Abstract:
An electrical connector comprises an elongate insulative housing having a plurality of cavities extending in side-by-side relation along the longitudinal housing direction. Each of the cavities is nominally spaced for fine pitch applications to be on the order of 0.050 inch. A wire contact assembly which is snapped into the connector housing and resiliently held therein by a releasable latch, comprises an insulation crimping portion that is formed during the crimping process to be of oval configuration. The oval configuration allows the use of wires at least as large as 28 AWG in such fine pitch spacings and permits installation of each wire contact assembly into the connector in the same orientation.

Description:
FIELD OF THE INVENTION 
     The present invention relates to an electrical connector and, more particularly, to a fine pitch, discrete wire cable connector utilizing crimp technology. 
     BACKGROUND OF THE INVENTION 
     Packaging for telecommunications, computers and electronic systems has continued to decrease in overall size while increasing in functionality. This has resulted in an increase in the density of input/output (I/O) interconnects, creating a demand for fine pitch (0.050 inch spacings and less) connectors to meet limited space constraints. 
     A variety of interface standards exist today in an effort to maintain compatibility and uniformity when interconnecting computers to printers, drives, and other peripheral devices. Due to the need for increased signal speeds, controlled impedance, and electrical shielding, and while reducing overall size and weight, a new generation of 0.050 inch pitch connectors are beginning to replace the RS-232 type D subminiature connectors which have traditionally been used in these applications. The Small Computer Systems Interface (SCSI) specification has been developed which controls the electrical characteristics of the connecting cable and outlines the mating face of the interconnects. The contact pin layout is shown in FIG. 1, which is defined by two rows, spaced 0.100 inch apart with a contact pitch of 0.050 inch. In order to maintain this fine pitch, certain connector designs have utilized discrete wire insulation displacement contact (IDC) technology. 
     IDC technology has been an efficient, cost effective method for mass-termination of cables to connectors for many years. The advantage stems, in part, from the ribbon cable design. Orientation of the cable conductors in a uniform row provides strain relief through support from adjacent conductors, typically yielding good electrical performance. When using IDC technology with discrete wire cable applications, some of these advantages are lost. Conductors must be individually terminated, thus eliminating the inherent strain relief. Unless individual contacts have integral strain relief, excessive wire movement can cause large changes in contact resistance or even result in open circuits caused by a loss of the gas tight IDC termination. It thus becomes difficult in fine pitch applications to include an integral strain relief for IDC type contacts. 
     Crimping discrete wire conductors to contact terminals has also been a cost effective method for high reliable interconnects for years. This technology is advantageous in providing integral contact strain relief, gas tight termination and low installed cost. Because of these advantages, crimp style contact designs are widely used in a variety of cable applications, generally having contact spacings of 0.090 inch and greater. Providing a crimp contact design on 0.050 pitch which adheres to the layout dimensions shown in FIG. 1, has resulted in design difficulties. 

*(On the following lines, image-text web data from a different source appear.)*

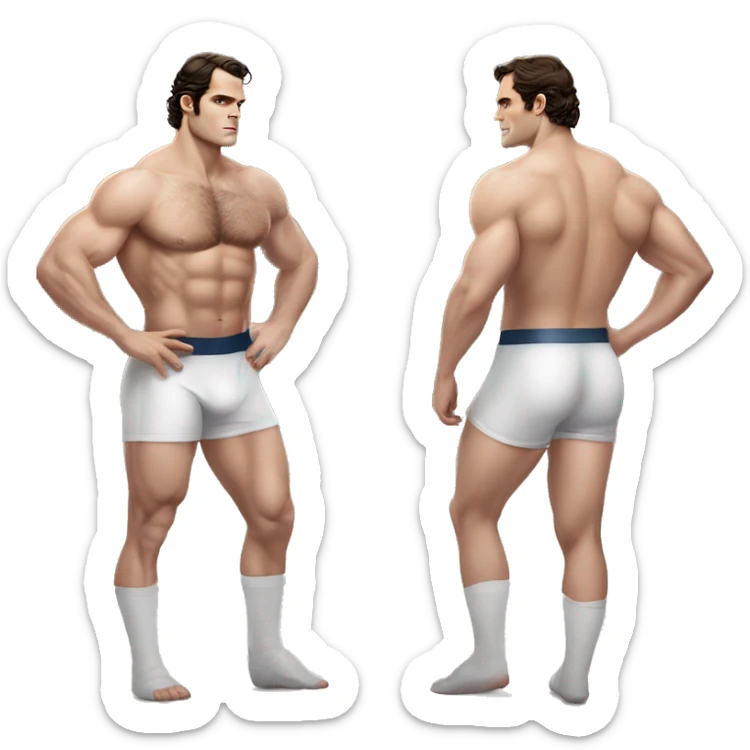 Henry cavill in a jock, backwards view, infront of guy, helping stretch, backwards view sticker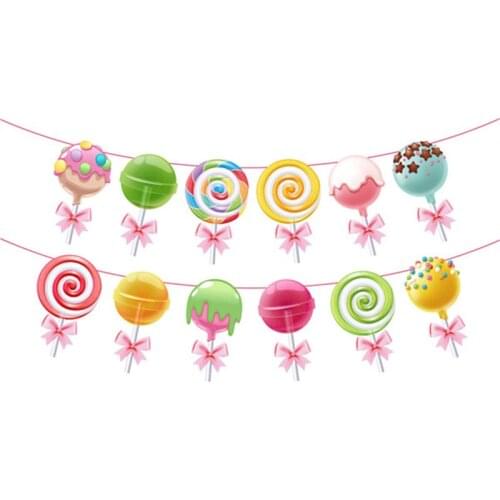 Sweet Lollipop Birthday Banner Happy Birthday Cake Topper Baby Shower Birthday Party Decor Hanging Bunting Kids Favors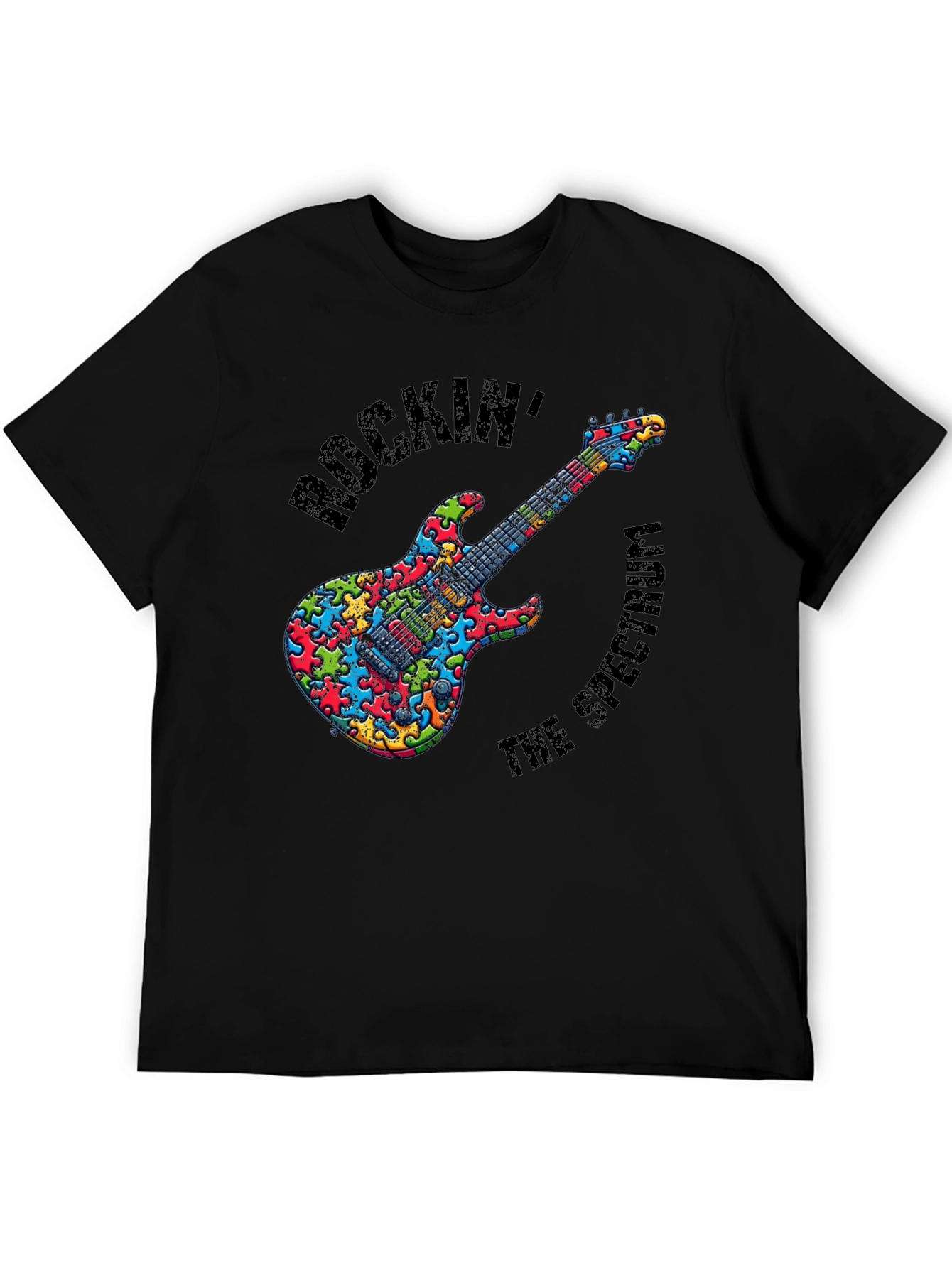 Rockin the Spectrum Puzzle Piece Guitar T-Shirt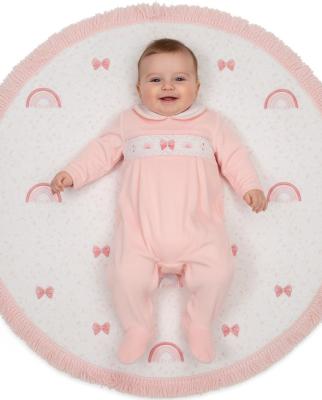 ML13-435P  Smocked Velour "Bow" All In One  (NB-6 months)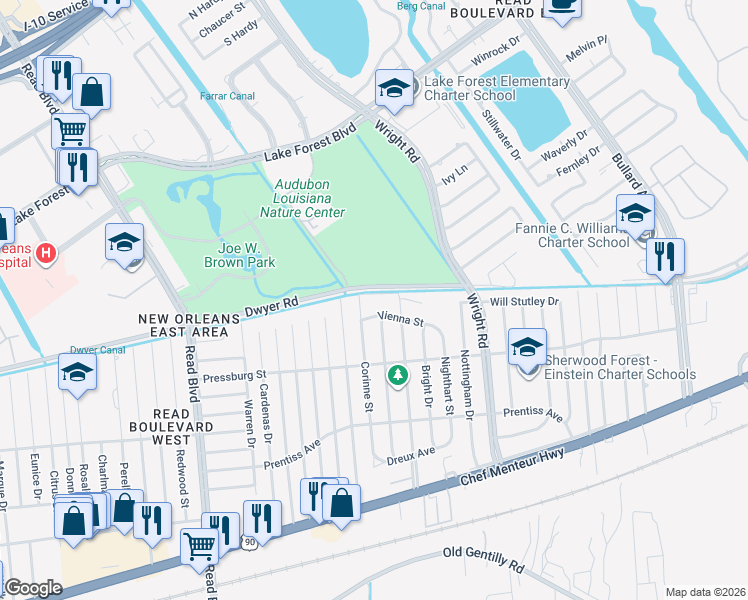 map of restaurants, bars, coffee shops, grocery stores, and more near 10720 Dwyer Road in New Orleans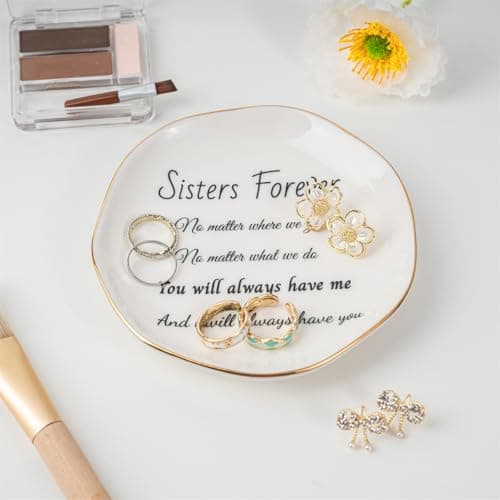 Sister Gifts, Ceramic Sister Ring Dish Jewelry Tray, Sister Birthday Gifts Engagement Wedding Gift for Sister from Sister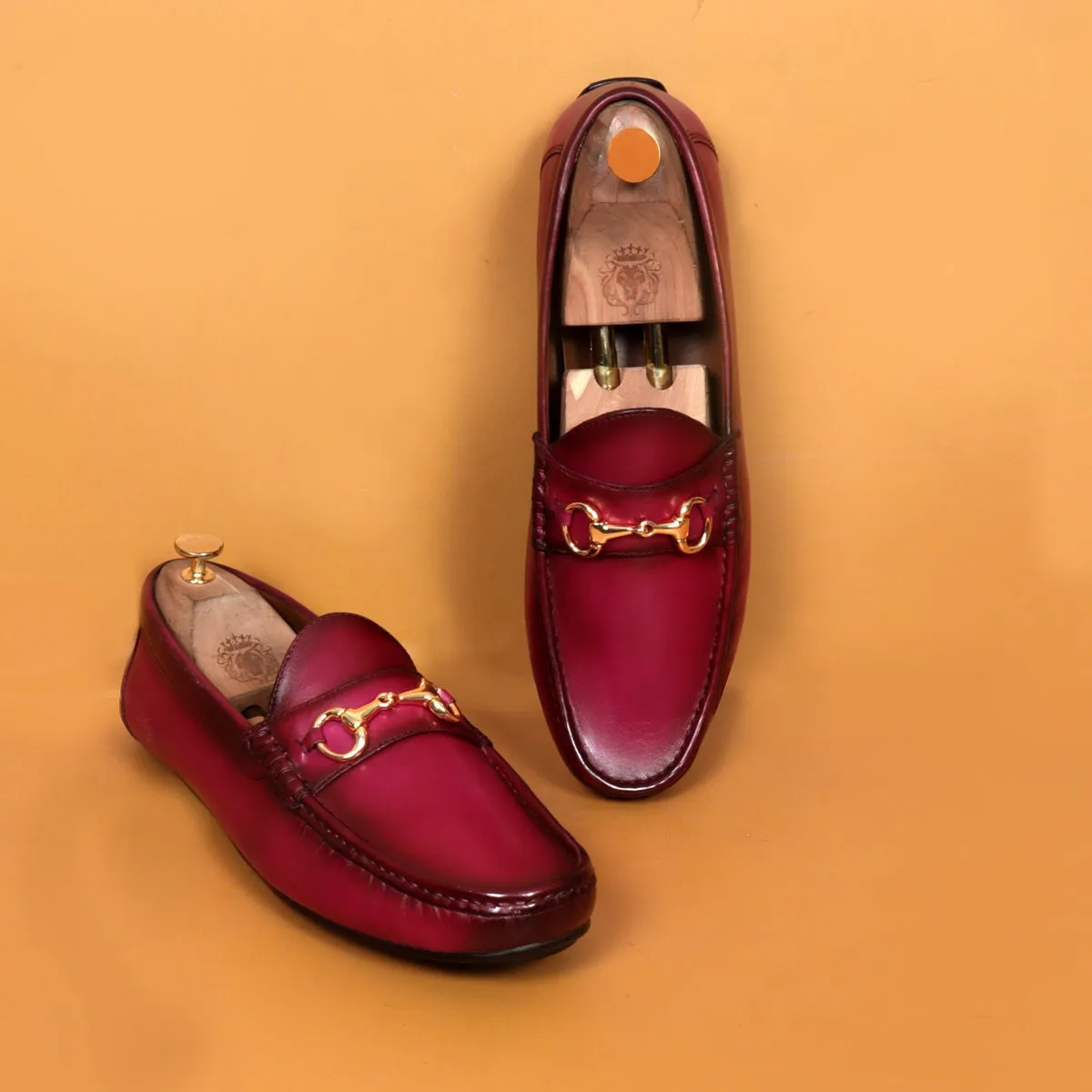 Horse-bit Driving Loafers Shoe in Pink Leather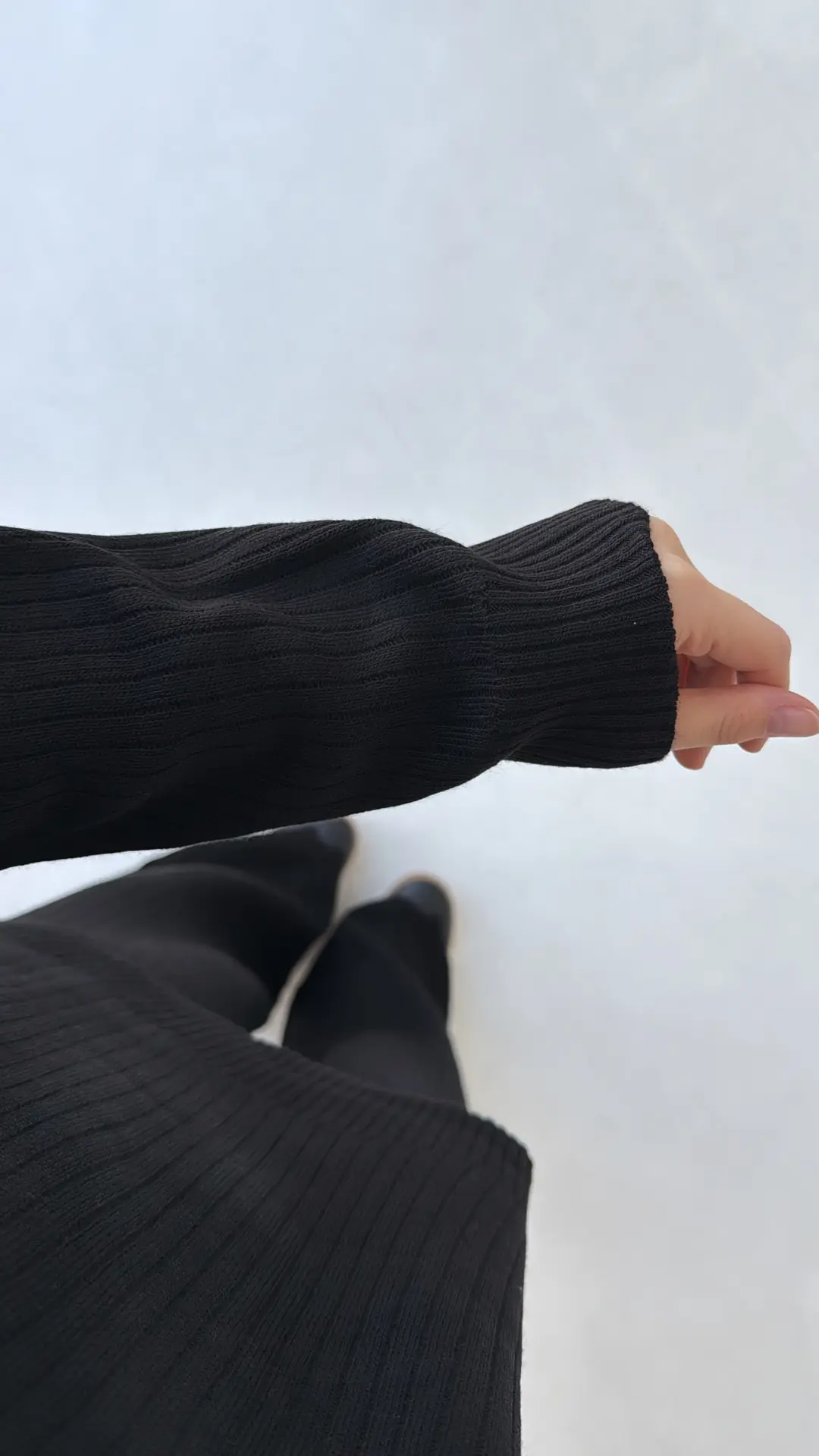 Bisiklet Yaka Triko Takım Siyah - Görsel 7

     Such design difficulties result from a desire to have a contact crimp geometry which would provide a reliable electrical integrity for a range of wire sizes, while adhering to the tight contact spacing requirements. Contradicting this approach is the need to maintain sufficient wall thicknesses in the electrical connector insulative housing of sufficient size and strength to enable mold processability, dielectric strength and overall mechanical stability. 
     SUMMARY OF THE INVENTION 
     It is an object of the present invention to provide an improved electrical connector. 
     It is a further object of the present invention to provide a fine pitch electrical connector utilizing crimp technology. 
     In accordance with a preferred form of the present invention, an electrical connector comprises an elongate insulative housing including a front face and a rear face and having a plurality of cavities extending between and opening at each of the front and rear faces of the housing. The cavities extend along a longitudinal direction of the housing, each cavity being insulatively separated by an insulative partition. The housing includes a resiliently releasable latch projecting into each cavity. A wire contact assembly is disposed in plural of the cavities. Each wire contact assembly comprises an insulated wire including a conductor surrounded by a layer of insulation and an electrical contact terminated thereto. Each contact comprises an elongate terminal, a locking portion, a conductor crimping portion and an insulation crimping portion. The terminal projects from the cavity through the front face of the housing. Each locking portion engages a housing latch to releasably hold the wire contact assembly within the respective cavity. The conductor crimping portion engages an exposed portion of the wire conductor, thereby making electrical engagement therewith. The insulation crimping portion engages the layer of insulation of the insulated wire. The insulation crimping portion defines a cross-section wherein its dimension along the longitudinal direction of the housing is less than its dimension along a direction substantially orthogonal to the longitudinal direction of the housing. Each of the wire contact assemblies is positioned within a respective cavity in substantially the same orientation with respect to each other. 
    
    
     BRIEF DESCRIPTION OF THE DRAWINGS 
     FIG. 1 is a front elevation view of a SCSI 2 connector interface showing the two-row contact pin layout with a contact pitch of 0.050 inch. 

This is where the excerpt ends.